Special Report: Mitsubishi WD-52627 HDTV
Though 1080p resolution has been a feature of some flat-panel LCDs and a few high-end LCoS (liquid crystal on silicon) big-screen sets, this is the first year it will be widely available in relatively affordable rear-projection HDTVs. That's because 1080p can now be realized with DLP - Texas Instruments' popular Digital Light Processing "micromirror" technology. The 52-inch Mitsubishi WD-52627 is among the first of a slew of 1080p DLP models coming to market.
I'm a fan of DLP's picture quality, so I was eager to see how this new Mitsubishi would do, especially since it's much less expensive than previous big-screen 1080p TVs. At $3,700 list, the WD-52627 brings higher-resolution big screens to ordinary shoppers.
WHAT'S 1080p? Anyone who's ever shopped for an HDTV has faced the terms 1080i and 720p. These numbers describe the most commonly used HDTV broadcast signals as well as an HDTV's native display format. Any signal an HDTV sees at its input must be converted to its native format before it can be displayed. The "i" or "p" part describes whether the HDTV displays signals as interlaced or progressive video. More often than not, this depends on the display technology. CRT-based HDTVs, whether direct-view or rear projection, are usually native 1080i - the picture is made up of 1,080 horizontal scan lines flashed up as two fields in rapid succession, each containing half the lines (though in reality, very few displays can produce all 1,080 lines). All fixed-pixel HDTVs - LCD or plasma flat panels, or rear projectors based on LCD, DLP, or LCoS light engines - are progressive-scan displays that flash up all of their horizontal and vertical lines of pixels at once, in the same 1/60 of a second an interlaced display uses to put up one field. But until now, most were limited to 720 horizontal lines of resolution.

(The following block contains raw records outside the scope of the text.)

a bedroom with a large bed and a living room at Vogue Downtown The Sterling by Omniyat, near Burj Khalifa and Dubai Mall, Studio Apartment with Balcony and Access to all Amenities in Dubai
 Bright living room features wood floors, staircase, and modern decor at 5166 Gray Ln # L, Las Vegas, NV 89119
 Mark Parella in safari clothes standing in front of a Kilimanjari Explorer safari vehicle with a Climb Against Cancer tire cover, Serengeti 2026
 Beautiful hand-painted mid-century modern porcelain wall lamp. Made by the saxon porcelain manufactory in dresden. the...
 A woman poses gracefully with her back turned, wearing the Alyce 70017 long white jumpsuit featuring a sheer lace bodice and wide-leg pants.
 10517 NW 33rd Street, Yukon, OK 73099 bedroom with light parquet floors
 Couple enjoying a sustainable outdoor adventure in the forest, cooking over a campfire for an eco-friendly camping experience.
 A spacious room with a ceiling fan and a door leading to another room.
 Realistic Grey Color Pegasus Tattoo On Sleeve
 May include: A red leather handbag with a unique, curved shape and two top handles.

Thanks to their bright images and slim profiles, 720p DLP, LCD, and plasma TVs are extremely popular. But the most common broadcast format by far is 1080i. At any moment, these signals carry more than 2 million pixels of information in a 1,920 x 1,080 grid - more than twice as many as 720p. Yet today's 1080i and 720p HDTVs can't get them all onscreen at the same time. The TVs simply don't have enough pixels or produce enough scan lines to do the job. So they convert the signal, essentially throwing out resolution.
Here's where 1080p comes in. Done properly, it has two key advantages over lower-resolution HDTVs. First, depending on the technology used, the pixels in a 1080p TV will likely be either packed more closely (as with a typical square-pixel grid) or have overlapping footprints onscreen (as in the new DLP technology). That can vastly reduce or eliminate visible gaps between the pixels - the so-called "screen-door effect" - creating a smoother, more natural picture.
Second, when you see "1080p" describing an HDTV, it means the set's imaging element can theoretically display all 2 million of those pixels in a 1080i signal at once (or the visual equivalent). And since 1080i converts more cleanly to 1080p than to 720p, it's easier to preserve all that original picture detail. To be sure, going from a 720p to a 1080p display is an evolutionary step - nothing like the upgrade from standard to high-def TV. But the technology has the potential to finally let HDTV be all it can be.